Apart from the pictures, the listing is to be returned exactly.

===== Data block =====

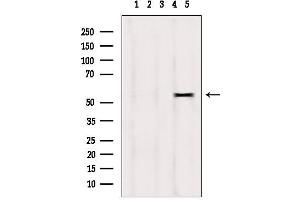 Western blot analysis of extracts from hepg2, using DPP4 antibody. (DPP4 antibody  (C-Term))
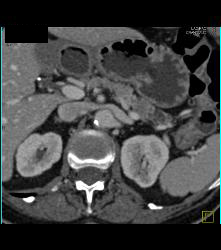 Subtle Carcinoma in Body of Pancreas Obstructing the Pancreatic Duct - CTisus CT Scan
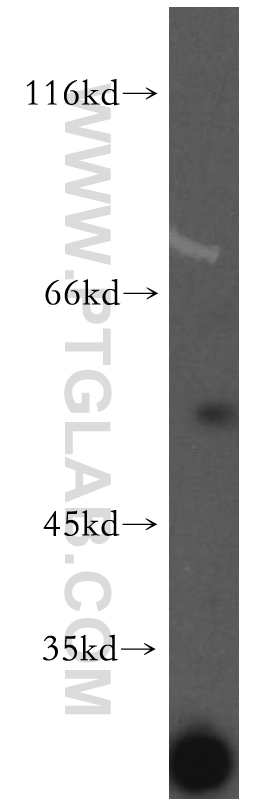 WB analysis of mouse skeletal muscle using 13404-1-AP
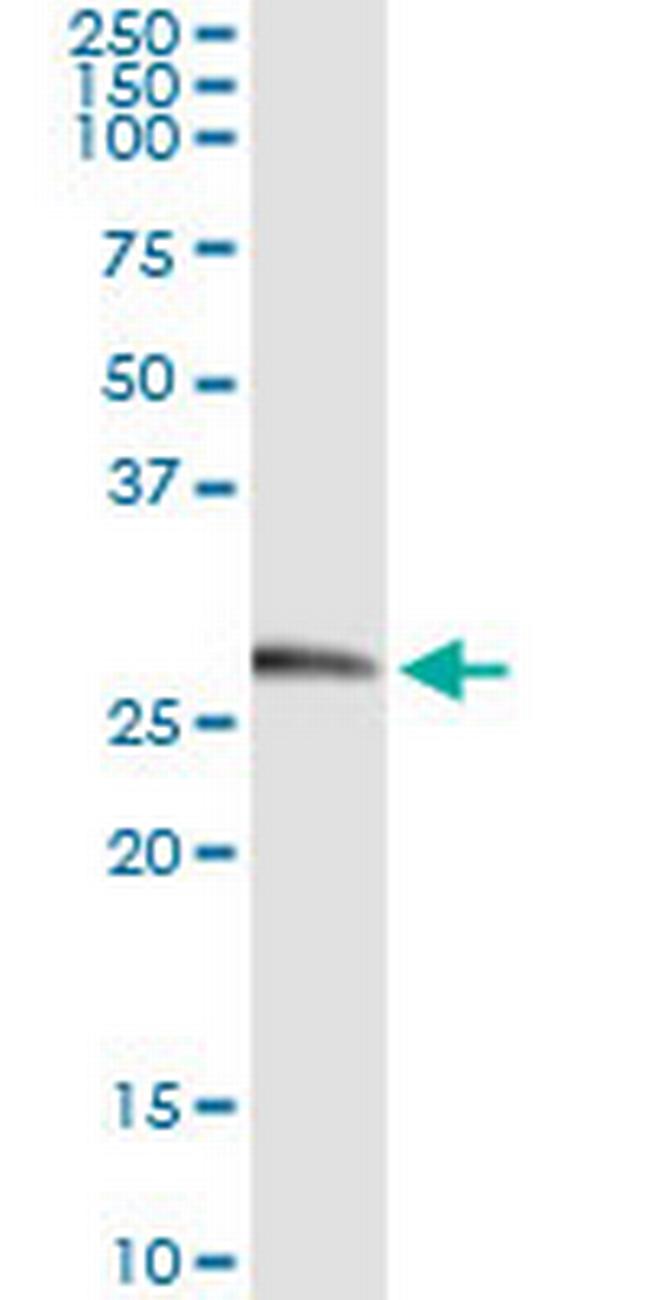 KLK2 Antibody in Immunoprecipitation (IP)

=====

◆ Written response ◆
 Western blot analysis of extracts from hepg2, using DPP4 antibody. (DPP4 antibody  (C-Term))
 Subtle Carcinoma in Body of Pancreas Obstructing the Pancreatic Duct - CTisus CT Scan
 WB analysis of mouse skeletal muscle using 13404-1-AP
 KLK2 Antibody in Immunoprecipitation (IP)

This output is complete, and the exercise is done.